- Last Updated: August 13. 2008 7:33PM UAE / GMT
The National.ae: The recent attacks on Chinese police in the northwestern, Muslim-dominated Xinjiang region seem to confirm Beijing’s claim that Islamist separatists are the biggest danger during the Olympic Games. The week before the opening ceremony, Col Tian Yixiang of the Olympics security command centre told foreign journalists that the main threat came from the “East Turkestan terrorist organisation,” a group that claimed responsibility for blowing up buses in Shanghai and Yunnan in July, killing five people.
However, like the riots in Tibet last March and April, the secessionist peril regularly used by the authorities to justify brutal crackdowns on dissent masks a deeper problem facing the Chinese regime.

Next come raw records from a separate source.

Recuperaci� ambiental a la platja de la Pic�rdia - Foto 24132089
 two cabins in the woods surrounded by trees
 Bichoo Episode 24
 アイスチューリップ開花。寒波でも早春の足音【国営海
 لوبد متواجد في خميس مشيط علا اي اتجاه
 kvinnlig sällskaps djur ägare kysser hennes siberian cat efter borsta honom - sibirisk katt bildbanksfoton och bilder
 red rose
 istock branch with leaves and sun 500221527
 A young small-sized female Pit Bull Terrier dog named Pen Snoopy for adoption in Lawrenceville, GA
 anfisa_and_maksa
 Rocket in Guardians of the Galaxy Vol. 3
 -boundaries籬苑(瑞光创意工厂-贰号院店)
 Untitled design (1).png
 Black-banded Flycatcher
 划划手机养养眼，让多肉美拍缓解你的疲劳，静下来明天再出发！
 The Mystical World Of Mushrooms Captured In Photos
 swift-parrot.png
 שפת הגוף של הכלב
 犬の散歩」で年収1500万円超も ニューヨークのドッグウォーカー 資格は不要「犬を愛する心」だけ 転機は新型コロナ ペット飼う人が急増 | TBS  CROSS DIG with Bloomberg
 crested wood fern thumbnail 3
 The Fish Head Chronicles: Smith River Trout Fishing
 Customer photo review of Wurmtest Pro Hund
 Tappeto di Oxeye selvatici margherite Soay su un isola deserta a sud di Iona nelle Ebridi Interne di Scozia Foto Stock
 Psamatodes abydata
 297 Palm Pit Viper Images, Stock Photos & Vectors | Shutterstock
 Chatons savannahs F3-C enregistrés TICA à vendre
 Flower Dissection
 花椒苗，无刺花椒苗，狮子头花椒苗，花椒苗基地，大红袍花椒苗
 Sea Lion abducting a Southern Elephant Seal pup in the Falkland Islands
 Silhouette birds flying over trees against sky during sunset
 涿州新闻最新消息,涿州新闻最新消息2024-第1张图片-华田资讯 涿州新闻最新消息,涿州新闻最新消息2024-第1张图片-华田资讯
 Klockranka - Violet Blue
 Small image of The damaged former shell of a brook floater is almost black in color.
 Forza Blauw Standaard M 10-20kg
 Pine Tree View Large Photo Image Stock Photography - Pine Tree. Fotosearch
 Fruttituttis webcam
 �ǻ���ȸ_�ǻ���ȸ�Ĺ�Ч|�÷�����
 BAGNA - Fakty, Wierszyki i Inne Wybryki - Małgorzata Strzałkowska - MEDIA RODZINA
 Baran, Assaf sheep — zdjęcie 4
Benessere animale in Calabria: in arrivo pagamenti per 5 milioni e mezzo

That problem is neither principally ethnic nor predominantly territorial but fundamentally religious – hence Beijing’s desperate attempts to control and repress independent faith groups.
To be sure, among the protesters in Tibet and Xinjiang there are separatists and terrorists, but the origins of radicalisation and extremism among Tibetan Buddhists and Xinjiang’s Uyghur Muslims can largely be traced to the social and cultural impact of Beijing’s centrally-enforced modernisation on the local populations.
Like Tibet, Xinjiang province is nominally autonomous but tightly ruled by Beijing. In recent years, ordinary people in these regions have undoubtedly benefited from substantial investment in infrastructure, education, and public health: life expectancy is now higher and poverty lower than in China’s undeveloped western rural provinces.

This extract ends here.